Una flor divina, de belleza inmortal, de pétalos blancos manchados de sangre. Una flor, simple, eterna, viva.
Su polen imprime en el aire el aroma de la muerte, dulce, saciante, adictivo. La rosa se ríe de sus victimas, de los incautos que la cogen entre sus manos, y se hieren con sus espinas.

Un dibujo a carboncillo que se define como real al ritmo de la melodía de un corazón que palpita.

Pétalos que caen, de seda tejida como ambrosía de la ilusión, huelen a susurros  nocturnos y saben a lujuria de deseo contenido. Espinas traiciones, que ocultan cual matriarcas sobreprotectoras, el misterio de su existencia, la esencia de su eternidad, pues a cada segundo renacen, y a cada minuto resurgen, como fénix dorados del mundo de las flores.

Y no muere, sino que vive, eternamente joven, la rosa. Vive sin temores, bella y delicada cual agua imperturbable de manantial de agua pura. Vive hasta el día en el que su orgullo se lastima.

Y, entonces, en un instante y de puntillas, para no ser oídos,  sus pétalos mueren en agonía de sueños martirizados, de deseos descuartizados, de ilusiones secuestradas. Sus hojas, lienzo de mil escritores arden en un arrebato de vergüenza por el color marrón, marchito, que las invade. Muerte. Esta muriendo.
Sus espinas son las únicas que quedan como testigo tras la muerte de su existencia. Solo permanecen ellas, orgullosas, imbatibles, moribundas. Solo ellas, que en vida protegieron al tesoro que guardaban, y ahora, mientras agonizan, lo recuerdan con anhelo, con deseo

Vida eterna para las rosas, que esconden lujuria entre sus pétalos.
Vida eterna para las rosas, que relatan historias de sexo y placer en sus hojas.
Vida eterna para las rosas, diosas de la belleza entre las flores.
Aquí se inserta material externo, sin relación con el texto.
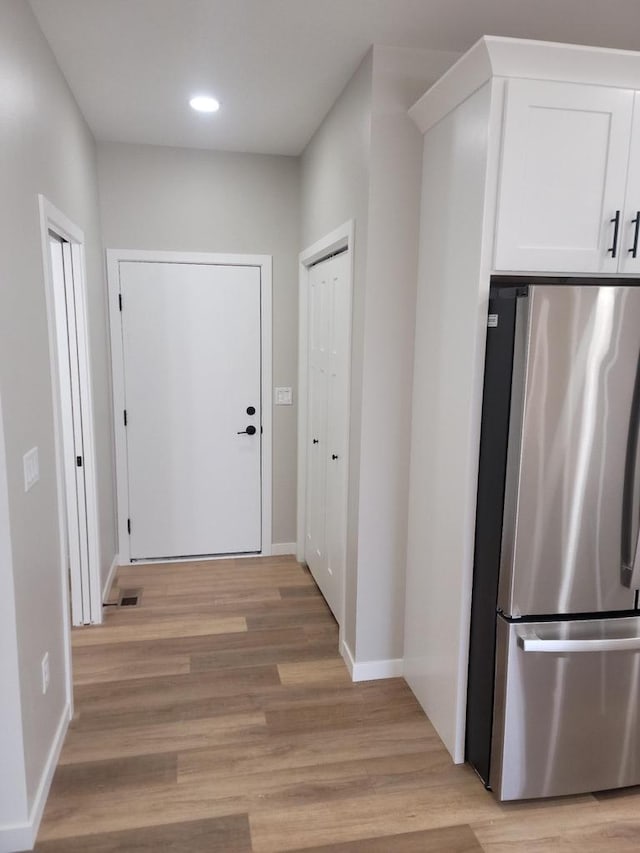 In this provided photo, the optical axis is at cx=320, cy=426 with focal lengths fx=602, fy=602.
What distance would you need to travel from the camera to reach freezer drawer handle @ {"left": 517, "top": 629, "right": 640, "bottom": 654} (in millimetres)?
1969

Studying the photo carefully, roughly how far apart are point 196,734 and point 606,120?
8.86ft

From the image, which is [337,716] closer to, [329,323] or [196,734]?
[196,734]

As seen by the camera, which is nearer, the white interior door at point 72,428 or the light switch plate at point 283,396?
the white interior door at point 72,428

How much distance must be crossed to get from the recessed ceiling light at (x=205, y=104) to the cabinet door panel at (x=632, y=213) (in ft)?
6.44

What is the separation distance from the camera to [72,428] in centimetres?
315

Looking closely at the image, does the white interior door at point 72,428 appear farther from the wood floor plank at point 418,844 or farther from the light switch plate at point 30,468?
the wood floor plank at point 418,844

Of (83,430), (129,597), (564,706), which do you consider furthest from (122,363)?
(564,706)

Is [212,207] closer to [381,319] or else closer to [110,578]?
[381,319]

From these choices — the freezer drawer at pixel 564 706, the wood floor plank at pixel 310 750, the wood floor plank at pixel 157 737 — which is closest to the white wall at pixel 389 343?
the wood floor plank at pixel 310 750

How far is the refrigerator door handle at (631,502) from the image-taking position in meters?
1.95

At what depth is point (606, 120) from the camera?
1.97 m

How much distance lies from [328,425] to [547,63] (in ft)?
6.63

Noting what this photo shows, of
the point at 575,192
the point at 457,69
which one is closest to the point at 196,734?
the point at 575,192

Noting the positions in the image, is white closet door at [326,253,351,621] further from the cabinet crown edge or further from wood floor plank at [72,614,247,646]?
the cabinet crown edge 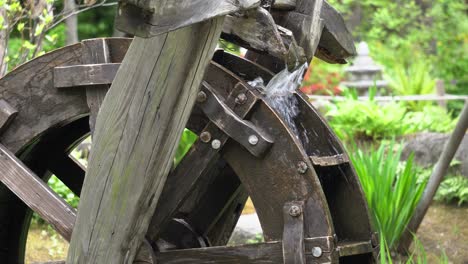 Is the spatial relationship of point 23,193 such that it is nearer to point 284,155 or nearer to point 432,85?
point 284,155

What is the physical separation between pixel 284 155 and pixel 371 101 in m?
6.26

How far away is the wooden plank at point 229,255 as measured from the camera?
153 inches

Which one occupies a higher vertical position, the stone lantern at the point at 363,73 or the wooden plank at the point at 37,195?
the wooden plank at the point at 37,195

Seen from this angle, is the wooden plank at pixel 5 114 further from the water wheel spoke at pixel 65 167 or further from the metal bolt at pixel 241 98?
the metal bolt at pixel 241 98

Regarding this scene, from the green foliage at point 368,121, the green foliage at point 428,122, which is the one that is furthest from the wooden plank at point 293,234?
the green foliage at point 428,122

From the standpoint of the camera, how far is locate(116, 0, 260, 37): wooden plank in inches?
114

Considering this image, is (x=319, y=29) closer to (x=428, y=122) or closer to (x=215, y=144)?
(x=215, y=144)

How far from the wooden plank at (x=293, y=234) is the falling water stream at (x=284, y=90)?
1.66 feet

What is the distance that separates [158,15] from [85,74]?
1.23m

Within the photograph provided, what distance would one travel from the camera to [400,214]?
6.18m

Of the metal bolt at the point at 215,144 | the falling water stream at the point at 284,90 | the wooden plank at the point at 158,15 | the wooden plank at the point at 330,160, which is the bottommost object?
the wooden plank at the point at 330,160

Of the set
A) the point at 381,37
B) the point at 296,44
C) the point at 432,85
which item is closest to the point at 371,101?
the point at 432,85

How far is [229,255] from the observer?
3.97 metres

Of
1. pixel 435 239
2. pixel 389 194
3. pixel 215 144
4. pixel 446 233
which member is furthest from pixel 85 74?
pixel 446 233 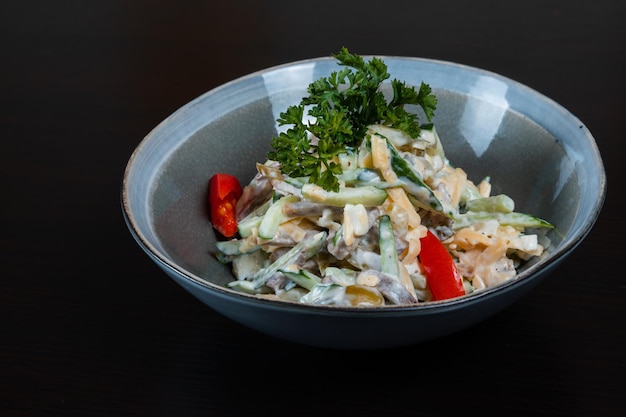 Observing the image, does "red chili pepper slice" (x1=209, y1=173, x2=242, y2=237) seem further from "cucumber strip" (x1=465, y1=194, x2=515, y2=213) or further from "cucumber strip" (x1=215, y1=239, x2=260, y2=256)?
"cucumber strip" (x1=465, y1=194, x2=515, y2=213)

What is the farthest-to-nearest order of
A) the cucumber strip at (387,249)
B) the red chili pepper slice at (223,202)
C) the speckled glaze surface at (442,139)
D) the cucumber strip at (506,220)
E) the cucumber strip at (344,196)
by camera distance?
the red chili pepper slice at (223,202) → the cucumber strip at (506,220) → the cucumber strip at (344,196) → the cucumber strip at (387,249) → the speckled glaze surface at (442,139)

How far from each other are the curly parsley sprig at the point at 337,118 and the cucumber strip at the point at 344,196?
0.02m

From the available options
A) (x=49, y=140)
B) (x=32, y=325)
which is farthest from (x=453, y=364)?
(x=49, y=140)

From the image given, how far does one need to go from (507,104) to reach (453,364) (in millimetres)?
794

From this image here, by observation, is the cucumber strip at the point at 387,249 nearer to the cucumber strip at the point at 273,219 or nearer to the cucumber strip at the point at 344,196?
the cucumber strip at the point at 344,196

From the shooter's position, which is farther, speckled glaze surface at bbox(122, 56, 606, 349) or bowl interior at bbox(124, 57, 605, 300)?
bowl interior at bbox(124, 57, 605, 300)

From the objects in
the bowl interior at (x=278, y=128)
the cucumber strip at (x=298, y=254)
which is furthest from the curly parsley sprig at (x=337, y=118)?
the bowl interior at (x=278, y=128)

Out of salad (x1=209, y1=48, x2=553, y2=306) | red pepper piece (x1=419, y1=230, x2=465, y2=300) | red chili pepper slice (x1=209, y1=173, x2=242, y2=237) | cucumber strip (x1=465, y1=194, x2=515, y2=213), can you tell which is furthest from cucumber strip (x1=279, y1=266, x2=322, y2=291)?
cucumber strip (x1=465, y1=194, x2=515, y2=213)

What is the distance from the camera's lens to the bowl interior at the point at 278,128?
1.84 m

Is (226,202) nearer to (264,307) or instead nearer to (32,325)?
(32,325)

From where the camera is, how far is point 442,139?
2252 mm

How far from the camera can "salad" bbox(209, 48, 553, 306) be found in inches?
66.3

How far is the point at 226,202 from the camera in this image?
2043 mm

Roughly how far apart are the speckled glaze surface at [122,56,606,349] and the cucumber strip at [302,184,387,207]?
31cm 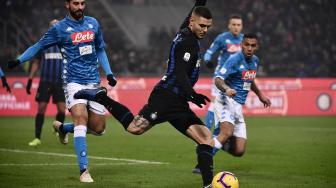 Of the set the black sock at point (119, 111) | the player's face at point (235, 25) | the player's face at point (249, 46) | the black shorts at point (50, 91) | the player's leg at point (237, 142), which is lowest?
the black shorts at point (50, 91)

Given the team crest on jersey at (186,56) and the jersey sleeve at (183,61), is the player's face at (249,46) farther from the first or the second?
the team crest on jersey at (186,56)

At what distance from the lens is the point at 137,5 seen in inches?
1411

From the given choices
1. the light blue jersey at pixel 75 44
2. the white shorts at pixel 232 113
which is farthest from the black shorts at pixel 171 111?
the white shorts at pixel 232 113

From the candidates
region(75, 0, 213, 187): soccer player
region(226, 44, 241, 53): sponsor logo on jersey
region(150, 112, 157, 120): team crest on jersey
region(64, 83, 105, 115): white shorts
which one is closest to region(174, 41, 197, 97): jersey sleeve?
region(75, 0, 213, 187): soccer player

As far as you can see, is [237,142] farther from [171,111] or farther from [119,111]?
[171,111]

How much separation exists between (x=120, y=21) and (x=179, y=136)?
16.8 meters

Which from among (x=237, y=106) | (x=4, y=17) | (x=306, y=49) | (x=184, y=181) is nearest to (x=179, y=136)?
(x=237, y=106)

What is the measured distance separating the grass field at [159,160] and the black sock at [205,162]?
903 mm

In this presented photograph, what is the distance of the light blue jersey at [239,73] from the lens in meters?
11.2

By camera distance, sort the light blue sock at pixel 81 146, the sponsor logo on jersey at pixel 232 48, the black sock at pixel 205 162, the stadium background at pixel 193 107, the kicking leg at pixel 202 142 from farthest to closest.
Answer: the sponsor logo on jersey at pixel 232 48, the stadium background at pixel 193 107, the light blue sock at pixel 81 146, the kicking leg at pixel 202 142, the black sock at pixel 205 162

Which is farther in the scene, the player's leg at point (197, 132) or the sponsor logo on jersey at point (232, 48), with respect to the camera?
the sponsor logo on jersey at point (232, 48)

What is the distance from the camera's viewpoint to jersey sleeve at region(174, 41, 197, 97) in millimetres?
8367

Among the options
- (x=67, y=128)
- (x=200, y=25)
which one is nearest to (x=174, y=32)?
(x=67, y=128)

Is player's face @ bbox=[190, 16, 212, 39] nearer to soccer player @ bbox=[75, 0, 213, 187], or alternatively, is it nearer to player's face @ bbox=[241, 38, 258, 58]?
soccer player @ bbox=[75, 0, 213, 187]
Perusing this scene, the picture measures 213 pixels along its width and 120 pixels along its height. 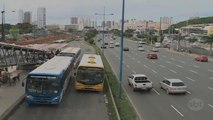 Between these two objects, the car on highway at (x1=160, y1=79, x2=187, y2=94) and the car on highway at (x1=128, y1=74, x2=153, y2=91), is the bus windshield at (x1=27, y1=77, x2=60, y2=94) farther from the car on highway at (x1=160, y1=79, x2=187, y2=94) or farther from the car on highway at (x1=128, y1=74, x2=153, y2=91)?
the car on highway at (x1=160, y1=79, x2=187, y2=94)

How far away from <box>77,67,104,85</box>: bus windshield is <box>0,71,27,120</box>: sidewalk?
4332 mm

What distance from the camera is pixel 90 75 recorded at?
28453mm

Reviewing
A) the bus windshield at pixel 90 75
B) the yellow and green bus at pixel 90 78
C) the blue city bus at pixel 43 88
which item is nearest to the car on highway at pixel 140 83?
the yellow and green bus at pixel 90 78

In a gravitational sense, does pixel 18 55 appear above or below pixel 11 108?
above

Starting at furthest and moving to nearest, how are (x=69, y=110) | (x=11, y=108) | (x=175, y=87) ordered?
1. (x=175, y=87)
2. (x=69, y=110)
3. (x=11, y=108)

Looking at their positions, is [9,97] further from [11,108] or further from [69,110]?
[69,110]

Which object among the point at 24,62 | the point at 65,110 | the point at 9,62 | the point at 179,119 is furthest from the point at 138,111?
the point at 24,62

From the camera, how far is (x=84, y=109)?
73.3 ft

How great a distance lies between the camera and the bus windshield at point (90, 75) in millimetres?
28281

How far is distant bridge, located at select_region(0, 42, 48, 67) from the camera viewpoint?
29680 mm

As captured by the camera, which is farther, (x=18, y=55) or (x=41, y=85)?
(x=18, y=55)

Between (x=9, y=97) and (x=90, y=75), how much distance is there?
639 cm

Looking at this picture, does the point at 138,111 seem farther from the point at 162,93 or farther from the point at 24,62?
the point at 24,62

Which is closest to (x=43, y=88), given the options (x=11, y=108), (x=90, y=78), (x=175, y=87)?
(x=11, y=108) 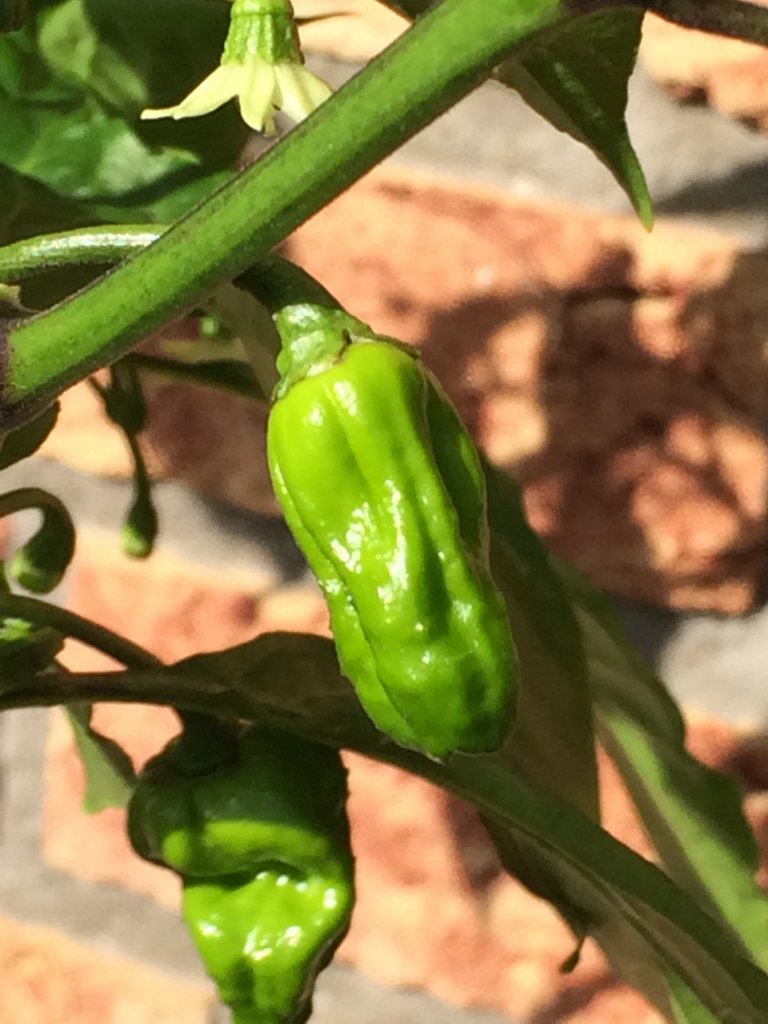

Vida y muerte para ellas.

No hay rosa única.
No hay belleza eterna.
No hay nada.
Solo sangre. Solo sexo.
Solo vida.

Y luego muerte.


Una rosa, segunda semilla de una vida.


Hm.

Solo soy una humana mas, con ideas, sueños y deseos varios, así como miedos.

Podría decirse, por darme un nombre o varios, que soy Jacqueline y soy Mathob, y ellas dos son yo. Mis dos facetas. No soy bipolar, no sufro esquizofrenia, solo soy yo. ¿Y quien soy yo? Eso, no lo sé.

Puede que este ligeramente loca. No lo descarto como opción.

El tedio me invade en dosis de ibuprofeno. La hipotenusa es igual al coito de dos catetos y los ángeles nacen de la desdicha. Bien cierto es que Hik tiene razón, hay que follarse a las mentes, las mentes son sensuales, adictivas. Follemonos a las mentes 

Una rosa, primera semilla de una vida.